WHAT THE TASK REQUIRES: Each line below should be repeated exactly, but no picture should be carried over.
──────── PROVIDED DATA
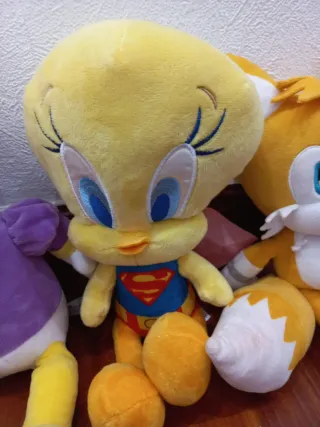 Peluche Tails, Piolín y Daisy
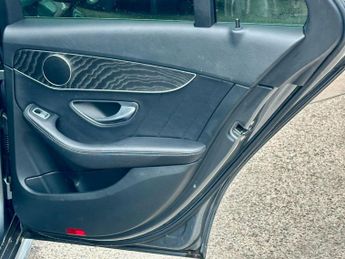 Mercedes-Benz C Class 2.1 C220d AMG Line G-Tronic+ Euro 6 (s/s) 4dr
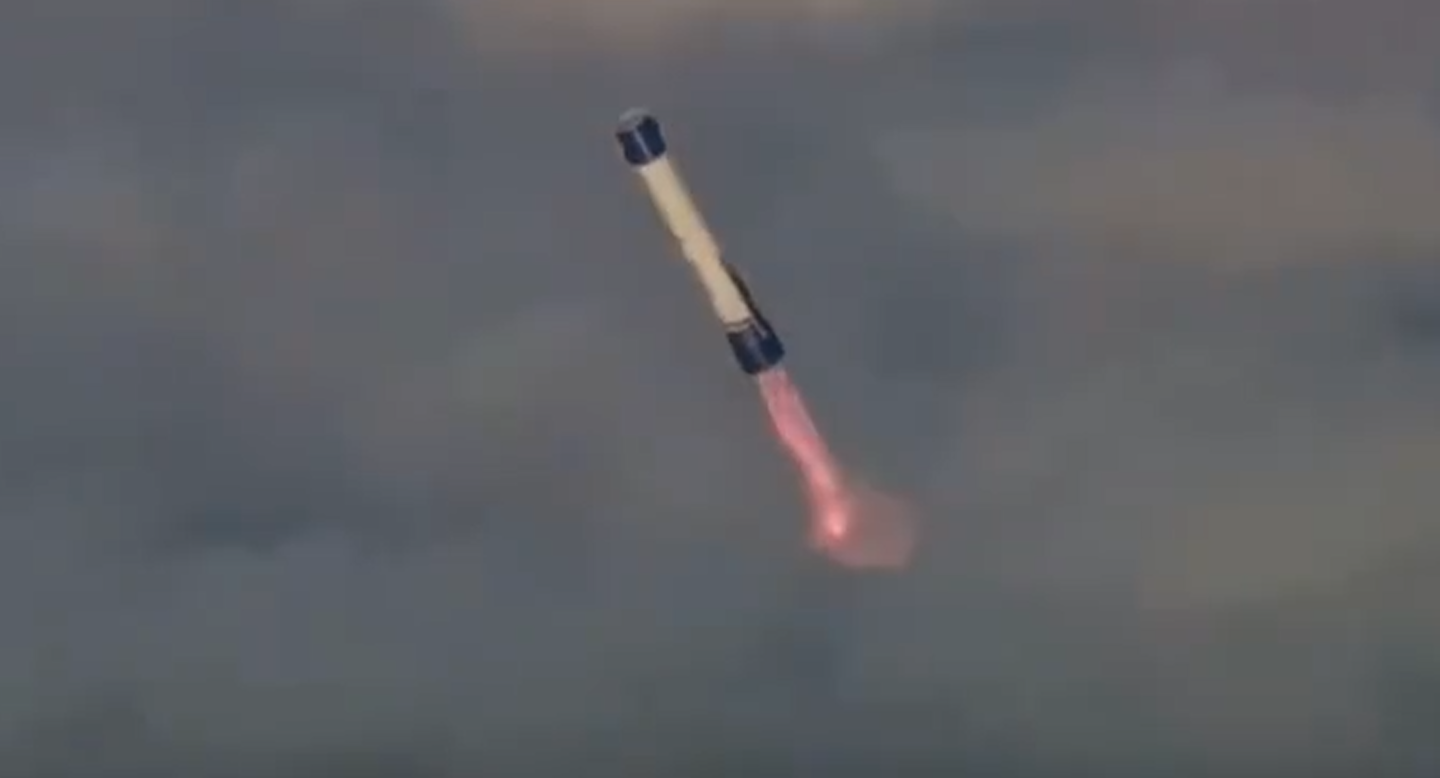 美国蓝色起源公司“新格伦”火箭搭载火星探测器升空，首次实现推进器回收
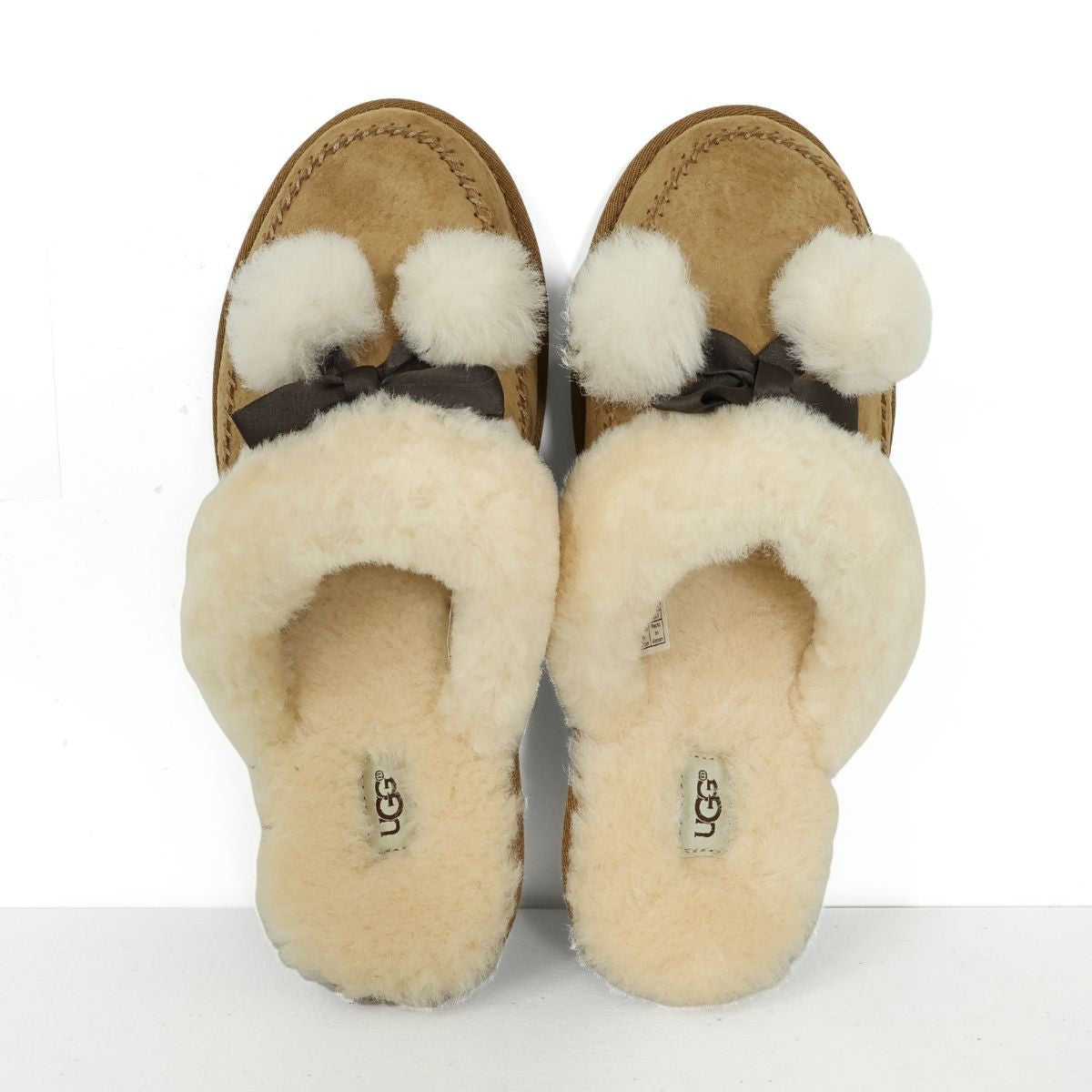 【美品！】UGG アグ★ポンポン付きリボンが可愛い♪ ファースリッパ ルームシューズ 大きいサイズ26.5 ブラウン系 sh201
────────────────
RESULT:
 Peluche Tails, Piolín y Daisy
 Mercedes-Benz C Class 2.1 C220d AMG Line G-Tronic+ Euro 6 (s/s) 4dr
 美国蓝色起源公司“新格伦”火箭搭载火星探测器升空，首次实现推进器回收
 【美品！】UGG アグ★ポンポン付きリボンが可愛い♪ ファースリッパ ルームシューズ 大きいサイズ26.5 ブラウン系 sh201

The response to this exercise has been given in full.